Il a ainsi annoncé, entre autres mesures pour resserrer les liens, la création d’un visa pour les étudiants qui permettrait des allers-retours plus simples et le déploiement de plus de jeunes coopérants français. Mais déjà le public n’écoutait plus vraiment, attendant surtout le jeu des questions et réponses avec «Son Excellence». Cette initiative, une première pour un chef d’État français et probablement pour un chef d’État tout court, a excité les imaginaires.

Amateur de joute verbale, Emmanuel Macron, après avoir annoncé l’ouverture du secret-défense sur les archives concernant l’assassinat du président burkinabé Thomas Sankara en 1987, n’a pas été déstabilisé quand une jeune fille accusa la France d’avoir «tué Kadhafi par jalousie» ou lorsqu’un étudiant a sous-entendu que la présence de soldats français au Sahel était «une nouvelle colonisation». Direct, Macron a rétorqué qu’il était «difficile d’être jaloux de Kadhafi», sommant son interlocutrice à ne pas se camper dans «des postures bêtement postcoloniales». Une pugnacité, et un langage parfois rude qui semble avoir finalement conquis.


Plus de visas dédiés aux bons étudiants

Le président Macron a promis un «doublement» des partenariats avec les universités et écoles africaines et des visas longue durée pour les Africains ayant été diplômés en France.

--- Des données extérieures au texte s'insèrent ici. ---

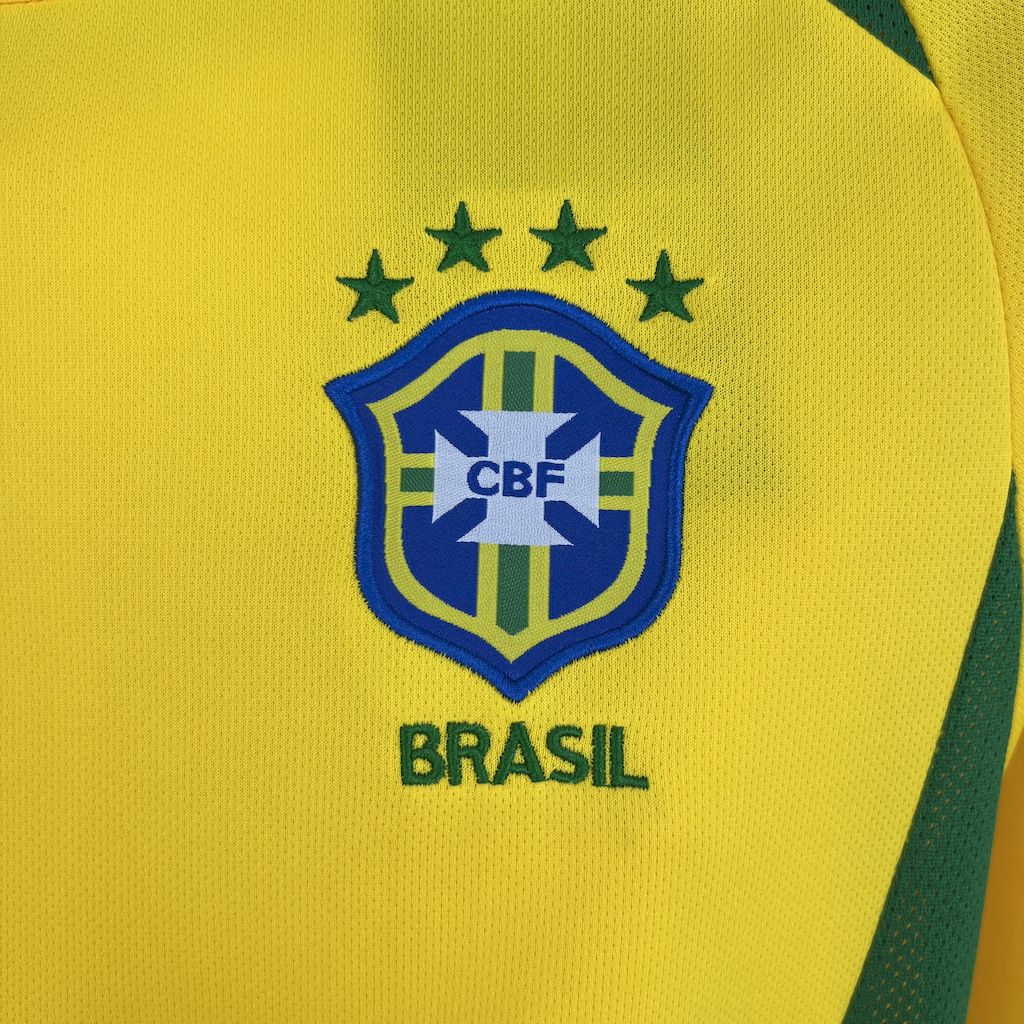 Camisola Nacional Retro Brazil 2002/2003 - Principal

Cela correspond à quelques dizaines de milliers de cas, chaque année. L’idée est de permettre aux diplômés étrangers de pouvoir circuler facilement pour faire profiter de leurs connaissances leur pays d’origine sans risquer de ne plus pouvoir revenir en France. Cette idée, promue sous Sarkozy, avec la carte «compétences et talents», n’a jusqu’alors jamais bien fonctionné. En 2016, moins de 3 % des 2,95 millions de visas accordés pour séjourner en France concernent les étudiants étrangers. Ils sont valables entre 3 et 12 mois, l’immense majorité des visas ne dépassant pas 3 mois.